Moody's attorney, Iowa State disagree on university ruling
DES MOINES, Iowa (AP) An attorney for former Iowa State women's basketball player Nikki Moody said Tuesday that his firm disagrees with the university's finding that it was unable to substantiate her complaints of racial discrimination.
Moody has sued coach Bill Fennelly, the university and the state for racial discrimination and retaliation. Moody claims she was constantly harassed and discriminated against while playing for Fennelly from 2012-15.

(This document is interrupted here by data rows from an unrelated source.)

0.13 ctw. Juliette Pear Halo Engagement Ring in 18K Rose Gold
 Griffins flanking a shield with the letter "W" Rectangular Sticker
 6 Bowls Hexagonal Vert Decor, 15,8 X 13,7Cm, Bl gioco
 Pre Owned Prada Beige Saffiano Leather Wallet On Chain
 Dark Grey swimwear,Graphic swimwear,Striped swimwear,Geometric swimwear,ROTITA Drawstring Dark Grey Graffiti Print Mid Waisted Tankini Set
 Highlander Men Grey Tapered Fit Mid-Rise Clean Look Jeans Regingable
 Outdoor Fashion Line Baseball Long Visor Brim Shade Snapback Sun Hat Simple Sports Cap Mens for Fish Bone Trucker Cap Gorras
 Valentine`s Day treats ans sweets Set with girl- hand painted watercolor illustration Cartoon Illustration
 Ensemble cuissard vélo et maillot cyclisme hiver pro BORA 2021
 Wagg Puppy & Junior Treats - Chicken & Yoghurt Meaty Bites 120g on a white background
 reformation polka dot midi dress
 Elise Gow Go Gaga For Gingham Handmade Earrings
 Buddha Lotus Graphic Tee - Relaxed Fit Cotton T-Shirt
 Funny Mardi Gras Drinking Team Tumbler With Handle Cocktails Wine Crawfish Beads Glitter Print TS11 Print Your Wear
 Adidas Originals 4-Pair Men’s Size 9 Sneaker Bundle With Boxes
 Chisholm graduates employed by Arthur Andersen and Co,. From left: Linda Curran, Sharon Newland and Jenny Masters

Iowa State responded to the lawsuit Monday, saying that it ''takes issue with the allegations and looks forward to responding in full to the lawsuit.'' The school said Moody took her complaints to athletics officials roughly a year ago.
The university referred Moody to the university's Office of Equal Opportunity, which conducted an investigation that it said didn't validate her claims.
Her attorney, Nate Borland, said the two sides also participated in a mediation conducted by the Iowa Civil Rights Commission in January, but they were unable to agree.
The next step in Moody's lawsuit will be a discovery conference between the two sides, followed by depositions ahead of a trial. Borland said he expects the case won't proceed to trial for 12-18 months.
''We look forward to working this through the courts, and we trust that an Iowa jury is going to find justice for Nikki,'' Borland said.
Fennelly, who has coached at Iowa State since 1995 and guided the team to 16 NCAA Tournament appearances, has yet to comment on the suit.